Task to carry out>
Beginning with the line that contains "Bild #26999906 - Touristenfahrten" and ending with the line that contains "Buy KERENDIA 20 Online at Classic Medico", reproduce the lines of the entries below exactly, omitting pictures.

Provided records>

-------

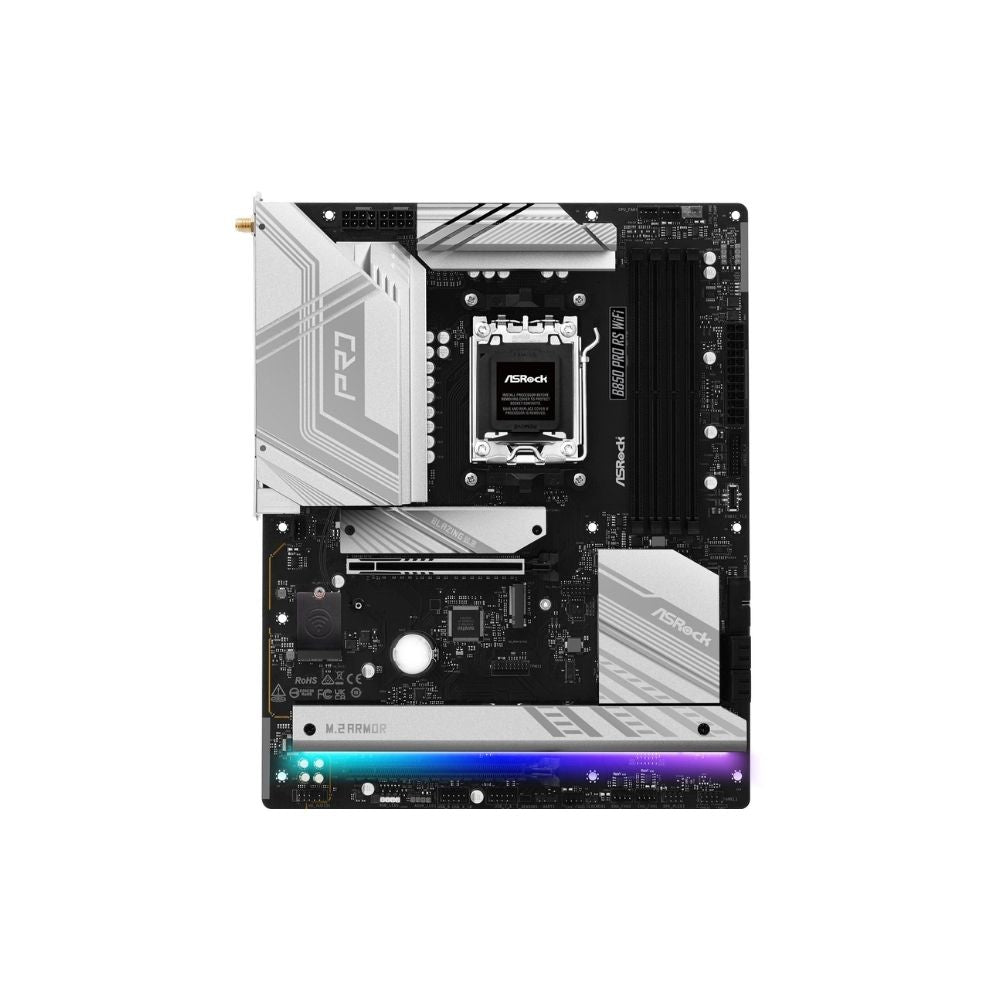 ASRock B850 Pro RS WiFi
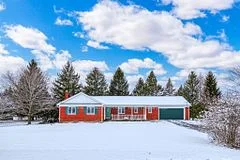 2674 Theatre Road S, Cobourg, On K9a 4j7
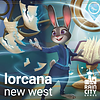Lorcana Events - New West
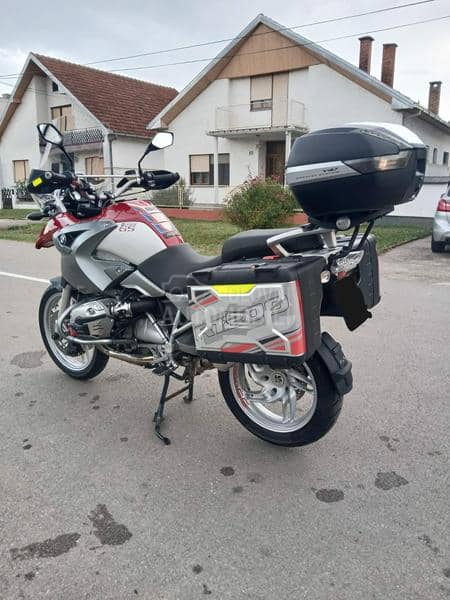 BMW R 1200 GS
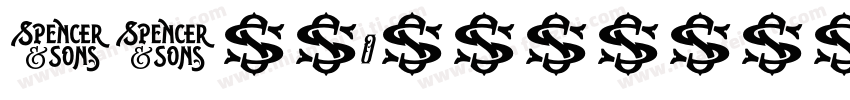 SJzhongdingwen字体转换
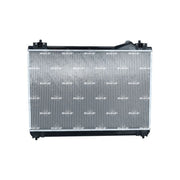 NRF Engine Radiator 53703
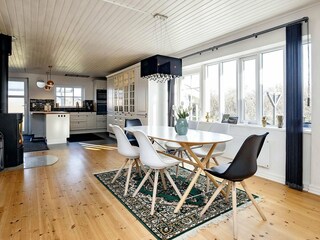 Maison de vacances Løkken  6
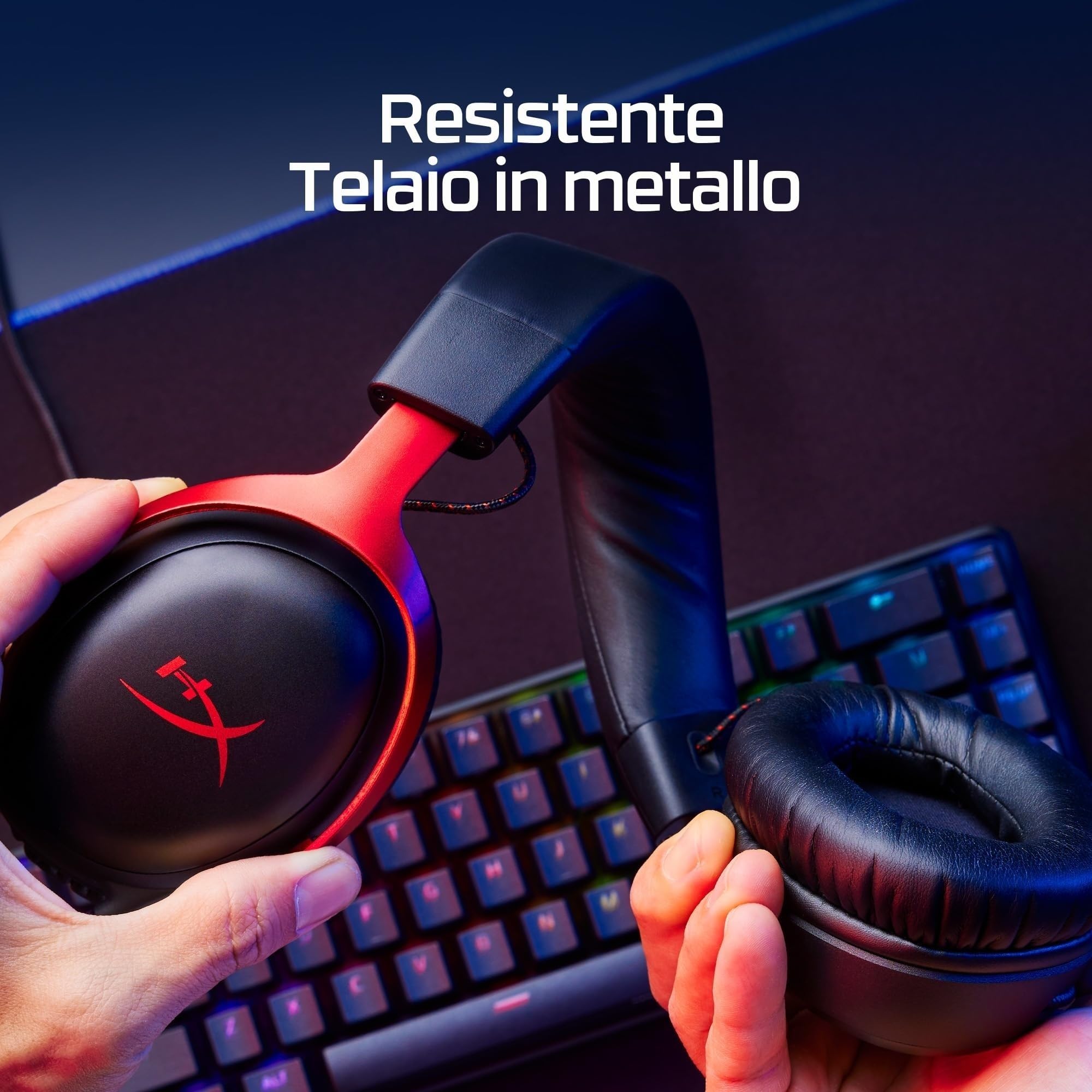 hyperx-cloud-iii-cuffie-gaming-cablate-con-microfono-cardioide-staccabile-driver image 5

-------

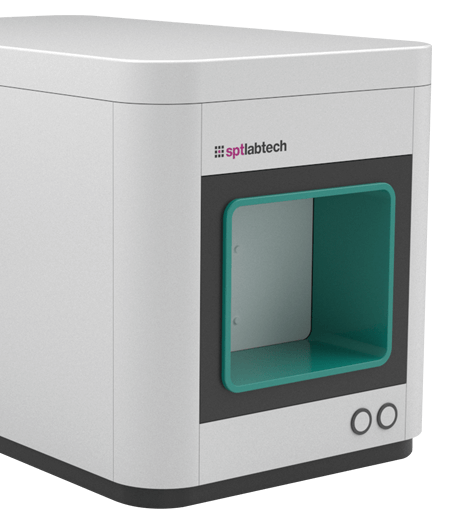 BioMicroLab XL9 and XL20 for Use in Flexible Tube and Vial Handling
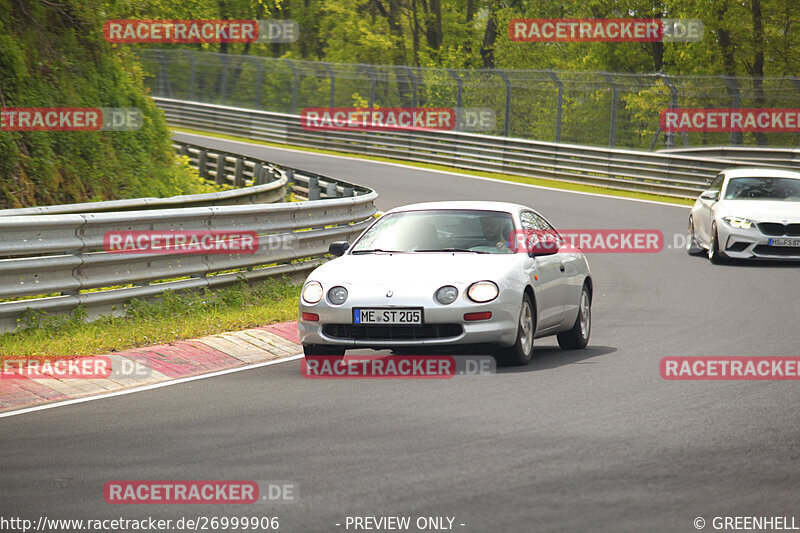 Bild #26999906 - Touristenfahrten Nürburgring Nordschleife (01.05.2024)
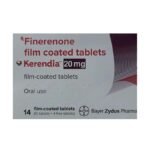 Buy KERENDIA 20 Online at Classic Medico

-------

Answer to the problem>
 Bild #26999906 - Touristenfahrten Nürburgring Nordschleife (01.05.2024)
 Buy KERENDIA 20 Online at Classic Medico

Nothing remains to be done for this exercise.